Limited personal liability isn’t the only reason to incorporate your business. Small business owners that opt to incorporate can take advantage of a wide variety of benefits, including income-splitting with a spouse, paying yourself in dividends and paying a lower rate of federal tax. “There are fewer opportunities if you are just running a self-employed business as opposed to having a corporation,” says Tsang. The key is asking your tax advisor the right questions to determine if the perks of incorporating offset the pitfalls, which can include higher tax filing expenses and increased paperwork.
3. How can I continue to grow my company?
For long-term business success, be sure to look beyond year-end with your tax advisor. “You should be talking to your advisor about growing your business – where you should be five years from now,” advises Tsang. Developing a business plan, deciding on a loan to boost capital, deferring end-of-year-bonuses – they’re all decisions your tax advisor should help you make to prepare for a more financially secure future.
4. Are you still the right tax advisor for my business?

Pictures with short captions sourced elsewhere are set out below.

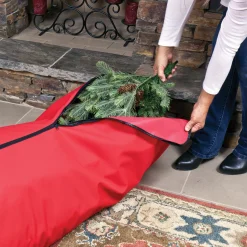 Northlight Tree Storage-Red Rolling Christmas Tree Storage Bag For Trees Up To 7.5Ft
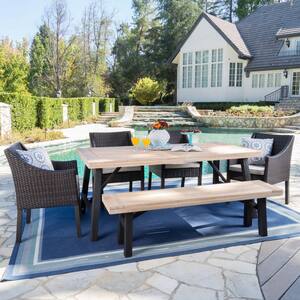 Stuart Brown 6-Piece Faux Rattan Outdoor Dining Set with Beige Cushions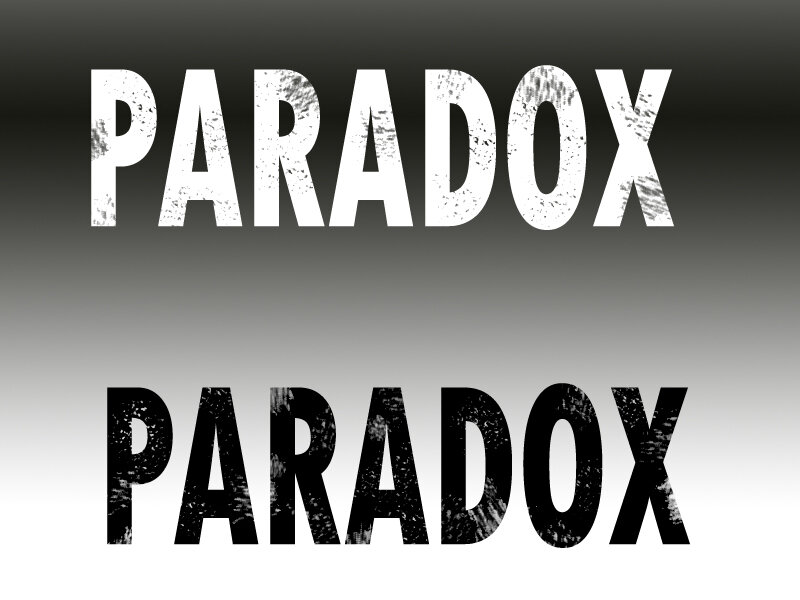 text art with paradox words
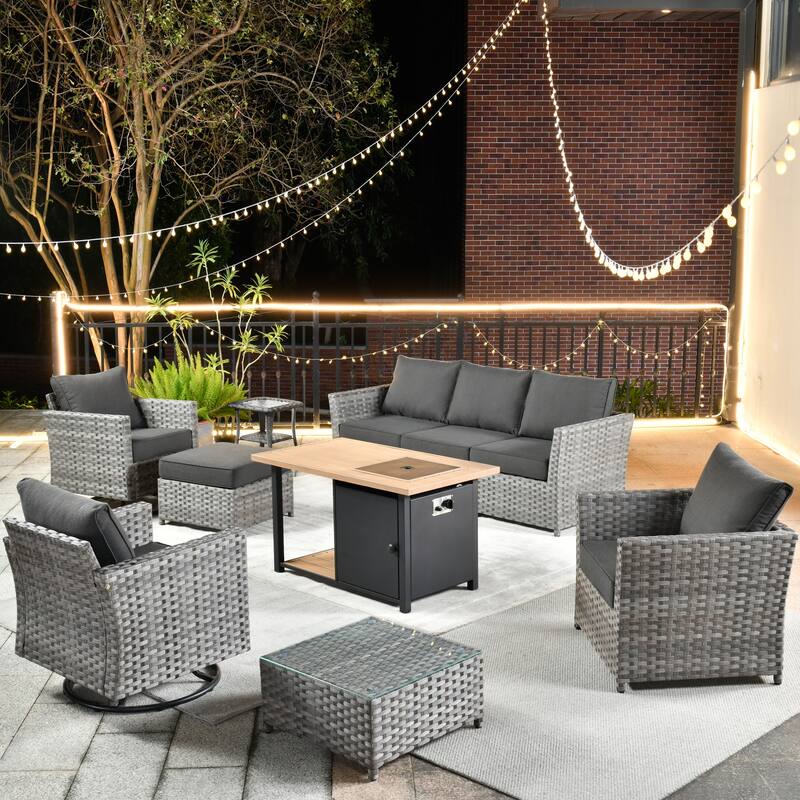 HOOOWOOO 10-piece Outdoor Grey Wicker Patio Furniture Set with Fire Pit Table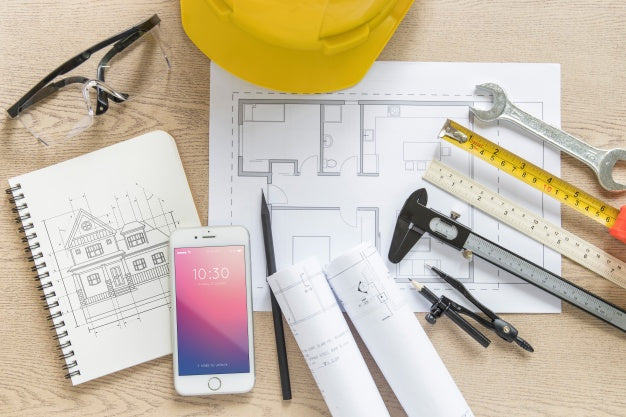 Architecture Composition With Notepad And Smartphone Mockup Psd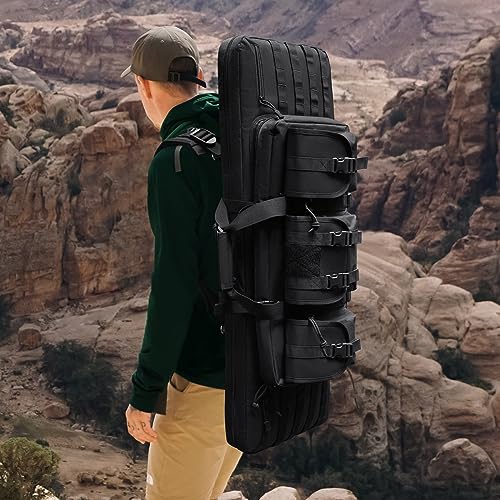 Dulce Dom Rifle Bag, Soft Double Rifle Case For Storage And Transportation, Tactical Portable Long Gun Case Carrying Backpack With Molle For Shooting Range Hunting Outdoors, 32/36/42/48 Inch (Black, 42"X 12") #TOP6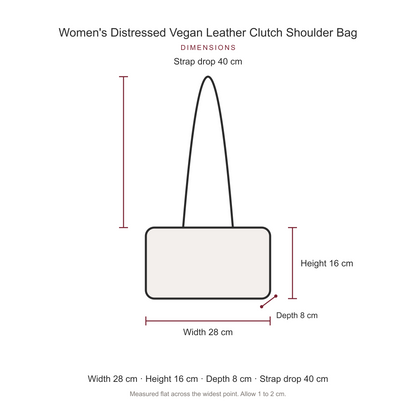 Women's Distressed Vegan Leather Clutch Shoulder Bag, dimensions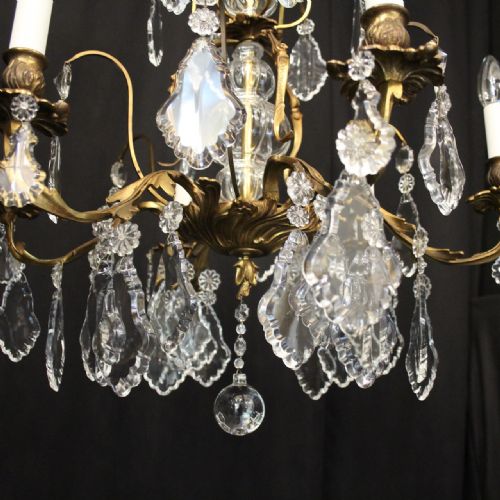 FRENCH GILDED BRASS CRYSTAL 6 LIGHT ANTIQUE CHANDELIER - ADDITIONAL PHOTO 4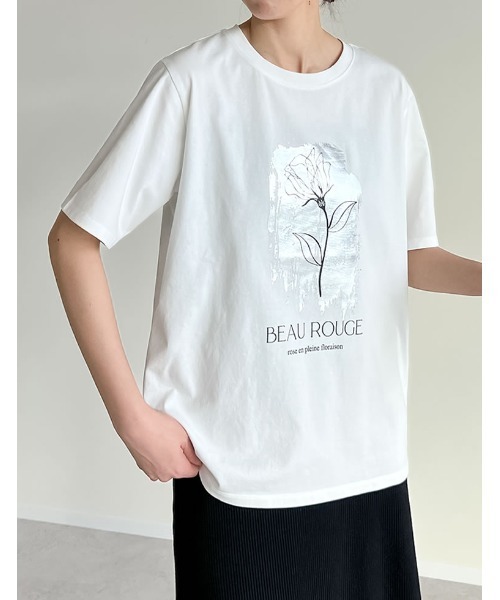 Re:EDIT（リエディ）の「[UVカット][接触冷感][紫外線対策]箔フラワーTシャツ（Tシャツ/カットソー・レディース・チャコールグレー/ブラック/ホワイト・MEDIUM/LARGE）」の8枚目の写真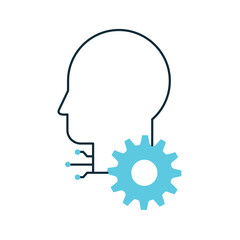 Human Brain and AI for Smart Problem Solving Vector Icon Design, artificial intelligence, tech innovation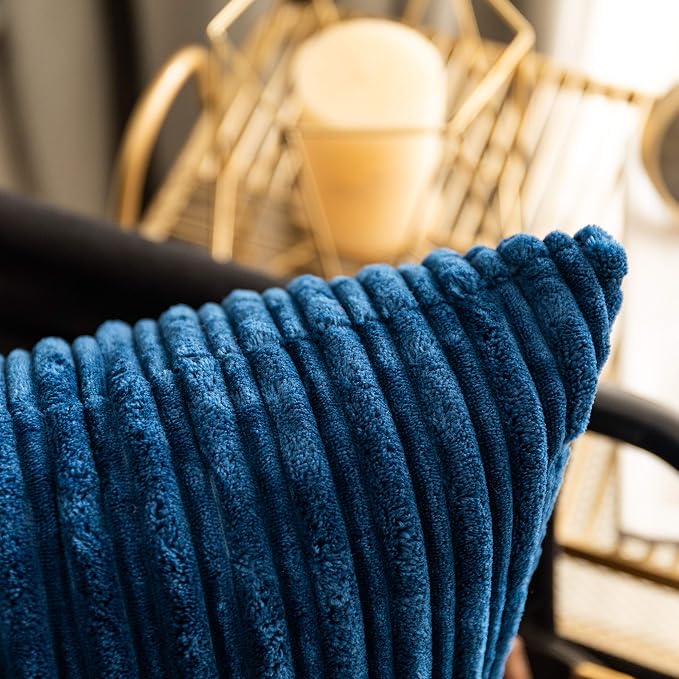 UGASA Striped Textured Velvet Corduroy Decorative Europe Sham Throw Pillow Cushion Cover for Couch, 2 Packs, (61x61 cm, 24inch), Navy Blue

The best tax advisors are more than paid professionals – they’re partners with a vested interest in your success. Make sure your tax advisor is willing to meet with you throughout the year to reassess your financial standing and help you prepare for the next tax filing. In fact, as your business grows, you may discover that it’s time to find a new tax professional. Weigh your options carefully, advises Tsang. “If you’re hiring an employee, you don’t just hire the first one that comes through the door. Interview a tax advisor and ask for references.”